Stored records
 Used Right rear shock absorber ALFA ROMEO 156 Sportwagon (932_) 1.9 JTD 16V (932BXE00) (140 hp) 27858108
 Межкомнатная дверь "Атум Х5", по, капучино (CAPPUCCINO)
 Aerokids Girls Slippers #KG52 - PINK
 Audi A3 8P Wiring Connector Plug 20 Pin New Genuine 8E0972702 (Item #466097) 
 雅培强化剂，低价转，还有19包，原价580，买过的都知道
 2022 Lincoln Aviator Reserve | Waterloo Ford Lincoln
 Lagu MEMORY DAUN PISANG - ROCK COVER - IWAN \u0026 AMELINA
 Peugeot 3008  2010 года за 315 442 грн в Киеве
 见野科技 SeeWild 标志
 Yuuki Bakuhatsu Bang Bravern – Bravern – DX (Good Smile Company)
---
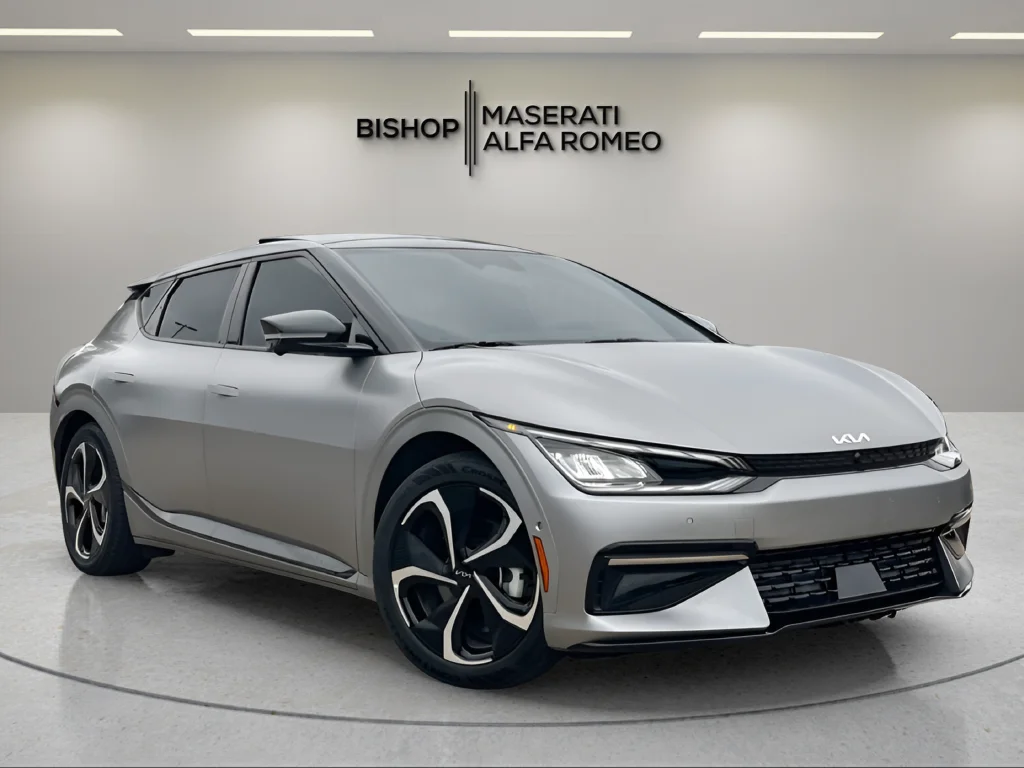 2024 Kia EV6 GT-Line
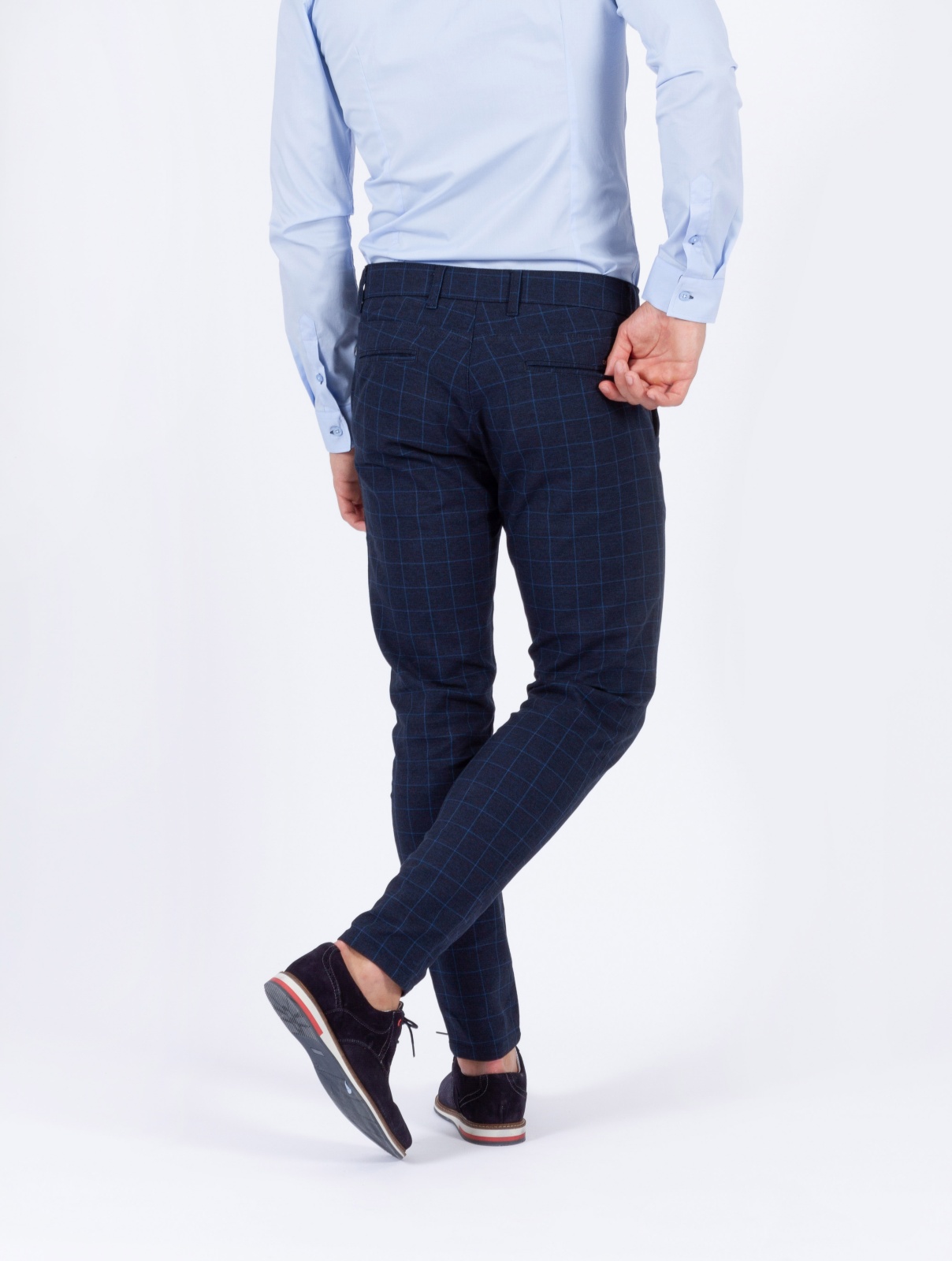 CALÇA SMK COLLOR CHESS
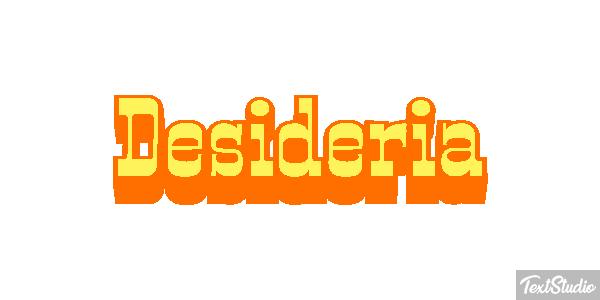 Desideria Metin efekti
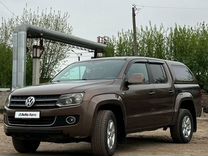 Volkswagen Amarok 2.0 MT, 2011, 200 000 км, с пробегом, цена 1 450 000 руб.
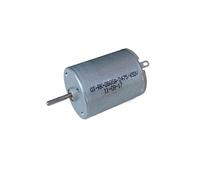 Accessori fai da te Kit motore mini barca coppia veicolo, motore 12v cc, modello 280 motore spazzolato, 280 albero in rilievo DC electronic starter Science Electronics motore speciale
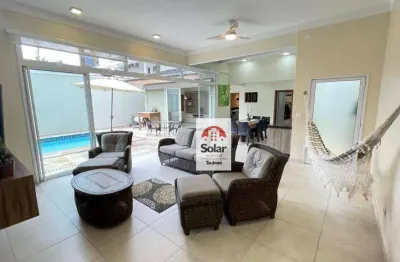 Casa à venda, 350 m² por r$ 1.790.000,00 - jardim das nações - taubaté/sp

*Activity*: Write down exactly the span of lines above from the one containing "Used Right rear" to the one containing "Yuuki Bakuhatsu Bang", both ends included.

*Answer to this problem*:
 Used Right rear shock absorber ALFA ROMEO 156 Sportwagon (932_) 1.9 JTD 16V (932BXE00) (140 hp) 27858108
 Межкомнатная дверь "Атум Х5", по, капучино (CAPPUCCINO)
 Aerokids Girls Slippers #KG52 - PINK
 Audi A3 8P Wiring Connector Plug 20 Pin New Genuine 8E0972702 (Item #466097) 
 雅培强化剂，低价转，还有19包，原价580，买过的都知道
 2022 Lincoln Aviator Reserve | Waterloo Ford Lincoln
 Lagu MEMORY DAUN PISANG - ROCK COVER - IWAN \u0026 AMELINA
 Peugeot 3008  2010 года за 315 442 грн в Киеве
 见野科技 SeeWild 标志
 Yuuki Bakuhatsu Bang Bravern – Bravern – DX (Good Smile Company)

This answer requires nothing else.